On the commensurating full group
Antoine Derimay
TL;DR
The paper introduces the commensurating full group $[T]_{\rm com}$ for ergodic measure-class preserving transformations, establishing it as a Polish-group analogue of the $L^1$-full group and proving it is a complete invariant of flip conjugacy. It shows the index map $I:[T]_{\rm com}\to\mathbf Z$ is a quasi-isometry, making $\overline{D([T]_{\rm com})}$ bounded and a robust, bounded invariant; combined with Fremlin-type rigidity, this yields that abstract or topological isomorphisms of $[T]_{\rm com}$ (or its derived subgroup) imply flip conjugacy of the base transformations.
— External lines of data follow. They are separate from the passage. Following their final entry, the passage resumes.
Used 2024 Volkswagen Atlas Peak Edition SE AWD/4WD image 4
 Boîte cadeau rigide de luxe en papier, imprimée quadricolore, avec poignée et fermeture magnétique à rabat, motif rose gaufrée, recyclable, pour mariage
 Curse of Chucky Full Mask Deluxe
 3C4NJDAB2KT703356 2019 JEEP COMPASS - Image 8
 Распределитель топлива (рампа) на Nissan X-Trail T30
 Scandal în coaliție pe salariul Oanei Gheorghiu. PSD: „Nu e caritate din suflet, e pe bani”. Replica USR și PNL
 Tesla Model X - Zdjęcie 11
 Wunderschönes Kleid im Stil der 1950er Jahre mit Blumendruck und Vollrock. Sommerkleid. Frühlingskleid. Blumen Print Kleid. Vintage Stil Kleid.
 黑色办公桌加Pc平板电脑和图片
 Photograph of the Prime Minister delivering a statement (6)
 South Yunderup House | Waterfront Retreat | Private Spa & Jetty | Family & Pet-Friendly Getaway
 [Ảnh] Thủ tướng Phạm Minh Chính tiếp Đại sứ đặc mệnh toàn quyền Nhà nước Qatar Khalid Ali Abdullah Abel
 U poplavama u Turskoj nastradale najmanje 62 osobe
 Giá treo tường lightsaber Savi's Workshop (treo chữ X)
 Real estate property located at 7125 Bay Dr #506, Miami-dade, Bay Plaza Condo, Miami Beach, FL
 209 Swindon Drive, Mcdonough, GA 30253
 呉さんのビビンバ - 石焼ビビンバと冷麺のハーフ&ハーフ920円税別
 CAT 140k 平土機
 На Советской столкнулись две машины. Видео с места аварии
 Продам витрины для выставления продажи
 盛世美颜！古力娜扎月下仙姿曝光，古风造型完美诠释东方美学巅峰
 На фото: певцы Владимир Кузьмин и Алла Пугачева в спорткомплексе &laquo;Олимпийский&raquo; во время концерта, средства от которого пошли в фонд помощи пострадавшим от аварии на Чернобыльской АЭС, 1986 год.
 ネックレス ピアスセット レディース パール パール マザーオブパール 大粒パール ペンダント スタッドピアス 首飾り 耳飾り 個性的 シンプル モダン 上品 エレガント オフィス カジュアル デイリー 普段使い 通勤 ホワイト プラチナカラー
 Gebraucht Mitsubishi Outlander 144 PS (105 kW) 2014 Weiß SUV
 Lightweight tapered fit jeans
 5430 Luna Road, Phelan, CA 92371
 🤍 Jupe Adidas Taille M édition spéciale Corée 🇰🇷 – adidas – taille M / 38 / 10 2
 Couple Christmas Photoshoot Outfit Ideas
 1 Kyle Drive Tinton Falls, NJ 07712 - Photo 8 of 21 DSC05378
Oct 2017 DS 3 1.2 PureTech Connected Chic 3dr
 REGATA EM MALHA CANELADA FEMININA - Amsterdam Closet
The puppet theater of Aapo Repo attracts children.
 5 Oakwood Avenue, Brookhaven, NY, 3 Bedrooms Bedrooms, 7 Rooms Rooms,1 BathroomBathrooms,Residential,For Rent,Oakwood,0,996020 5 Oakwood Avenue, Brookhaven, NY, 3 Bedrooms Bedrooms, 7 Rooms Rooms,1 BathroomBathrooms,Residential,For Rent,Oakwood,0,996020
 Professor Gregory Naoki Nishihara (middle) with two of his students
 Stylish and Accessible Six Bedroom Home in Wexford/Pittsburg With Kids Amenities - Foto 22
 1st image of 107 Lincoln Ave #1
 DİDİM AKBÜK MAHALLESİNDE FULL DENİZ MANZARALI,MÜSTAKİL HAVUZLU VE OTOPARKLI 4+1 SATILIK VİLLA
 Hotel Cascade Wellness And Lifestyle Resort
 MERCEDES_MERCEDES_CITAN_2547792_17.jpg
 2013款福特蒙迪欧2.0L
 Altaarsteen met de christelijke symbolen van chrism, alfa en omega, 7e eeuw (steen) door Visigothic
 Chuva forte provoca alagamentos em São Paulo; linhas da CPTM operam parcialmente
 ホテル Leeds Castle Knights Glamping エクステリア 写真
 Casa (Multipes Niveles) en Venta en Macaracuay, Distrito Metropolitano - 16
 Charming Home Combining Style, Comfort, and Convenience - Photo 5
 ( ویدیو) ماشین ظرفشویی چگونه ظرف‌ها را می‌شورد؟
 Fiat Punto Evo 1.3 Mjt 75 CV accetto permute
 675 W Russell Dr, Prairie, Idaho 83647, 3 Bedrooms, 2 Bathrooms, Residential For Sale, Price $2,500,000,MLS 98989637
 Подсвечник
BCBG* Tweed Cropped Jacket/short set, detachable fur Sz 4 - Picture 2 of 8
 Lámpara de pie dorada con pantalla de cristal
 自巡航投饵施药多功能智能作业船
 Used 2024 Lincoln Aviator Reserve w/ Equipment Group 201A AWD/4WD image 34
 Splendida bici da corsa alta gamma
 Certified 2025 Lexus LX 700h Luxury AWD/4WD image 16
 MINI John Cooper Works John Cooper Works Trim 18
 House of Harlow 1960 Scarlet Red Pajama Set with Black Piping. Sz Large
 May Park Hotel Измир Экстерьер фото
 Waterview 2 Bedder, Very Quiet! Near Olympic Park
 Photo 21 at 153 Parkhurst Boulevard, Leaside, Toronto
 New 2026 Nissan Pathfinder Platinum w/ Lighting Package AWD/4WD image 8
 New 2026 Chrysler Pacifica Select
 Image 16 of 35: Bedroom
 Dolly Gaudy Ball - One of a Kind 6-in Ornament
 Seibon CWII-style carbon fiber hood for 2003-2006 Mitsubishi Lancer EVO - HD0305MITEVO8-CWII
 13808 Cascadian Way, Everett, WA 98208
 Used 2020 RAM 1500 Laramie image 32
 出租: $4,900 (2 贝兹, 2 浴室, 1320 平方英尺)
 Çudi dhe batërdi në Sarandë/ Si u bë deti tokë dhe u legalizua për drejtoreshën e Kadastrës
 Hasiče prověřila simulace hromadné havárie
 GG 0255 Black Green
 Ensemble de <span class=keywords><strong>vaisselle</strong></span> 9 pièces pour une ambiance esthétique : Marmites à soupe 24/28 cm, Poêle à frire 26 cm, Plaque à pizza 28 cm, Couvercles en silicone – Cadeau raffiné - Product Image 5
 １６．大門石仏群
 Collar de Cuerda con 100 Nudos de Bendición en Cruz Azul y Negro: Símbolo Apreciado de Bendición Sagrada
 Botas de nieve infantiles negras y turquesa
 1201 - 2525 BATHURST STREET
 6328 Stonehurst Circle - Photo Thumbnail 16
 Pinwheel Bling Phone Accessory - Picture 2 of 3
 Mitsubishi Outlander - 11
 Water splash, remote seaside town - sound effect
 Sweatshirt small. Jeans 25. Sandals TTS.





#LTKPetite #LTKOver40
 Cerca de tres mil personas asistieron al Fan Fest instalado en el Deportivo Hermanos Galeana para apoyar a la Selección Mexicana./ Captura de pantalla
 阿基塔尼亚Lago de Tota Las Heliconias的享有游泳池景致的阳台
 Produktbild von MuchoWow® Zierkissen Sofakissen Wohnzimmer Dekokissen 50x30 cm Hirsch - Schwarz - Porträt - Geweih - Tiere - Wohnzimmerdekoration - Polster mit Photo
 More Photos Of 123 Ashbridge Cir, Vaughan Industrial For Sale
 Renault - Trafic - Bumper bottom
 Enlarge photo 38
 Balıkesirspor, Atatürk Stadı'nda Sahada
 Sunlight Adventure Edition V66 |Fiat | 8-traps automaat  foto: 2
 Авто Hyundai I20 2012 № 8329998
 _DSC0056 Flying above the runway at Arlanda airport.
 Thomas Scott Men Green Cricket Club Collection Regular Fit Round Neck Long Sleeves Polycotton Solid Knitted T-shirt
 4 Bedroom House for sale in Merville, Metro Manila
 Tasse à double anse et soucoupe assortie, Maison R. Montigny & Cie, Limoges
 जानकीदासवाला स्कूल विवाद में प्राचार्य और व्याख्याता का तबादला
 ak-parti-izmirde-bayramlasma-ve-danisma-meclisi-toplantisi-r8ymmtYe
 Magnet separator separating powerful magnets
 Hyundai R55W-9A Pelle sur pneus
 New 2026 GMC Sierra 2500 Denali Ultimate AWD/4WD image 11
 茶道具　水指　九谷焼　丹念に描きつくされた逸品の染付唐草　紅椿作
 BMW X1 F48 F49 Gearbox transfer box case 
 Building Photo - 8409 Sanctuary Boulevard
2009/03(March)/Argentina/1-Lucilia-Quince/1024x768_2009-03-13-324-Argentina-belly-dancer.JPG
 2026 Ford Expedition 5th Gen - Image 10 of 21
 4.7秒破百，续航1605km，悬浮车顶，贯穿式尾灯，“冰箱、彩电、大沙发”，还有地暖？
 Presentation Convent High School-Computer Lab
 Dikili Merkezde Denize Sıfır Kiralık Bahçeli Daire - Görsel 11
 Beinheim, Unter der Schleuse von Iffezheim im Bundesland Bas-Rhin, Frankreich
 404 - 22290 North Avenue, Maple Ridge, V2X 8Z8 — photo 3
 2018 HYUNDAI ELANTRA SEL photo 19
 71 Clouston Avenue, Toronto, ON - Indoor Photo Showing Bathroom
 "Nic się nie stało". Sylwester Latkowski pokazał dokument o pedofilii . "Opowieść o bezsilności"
The work highlights distinct behavior from $[T]_1$, notably the bounded geometry of the derived commensurating full group and the resulting quasi-isometric relation to $\mathbf Z$, while proving topological simplicity of $\overline{D([T]_{\rm com})}$ and transitivity properties of the associated boolean actions. Overall, the results provide a sharp, structure-preserving invariant theory for flip conjugacy in ergodic dynamics via the commensurating full group, and extend Le Maître's ideas to the measure-class setting.
Abstract
We introduce a new Polish group, called the commensurating full group, associated to an ergodic measure-class preserving transformation of a standard atomless probability space. It is an analogue of the $\rm L^1$ full group defined by Le Maître, which does not need the transformation to preserve a measure to be defined. We prove, among others, that it is a complete invariant of flip conjugacy, and that it is quasi-isometric to the line in the sense of Rosendal.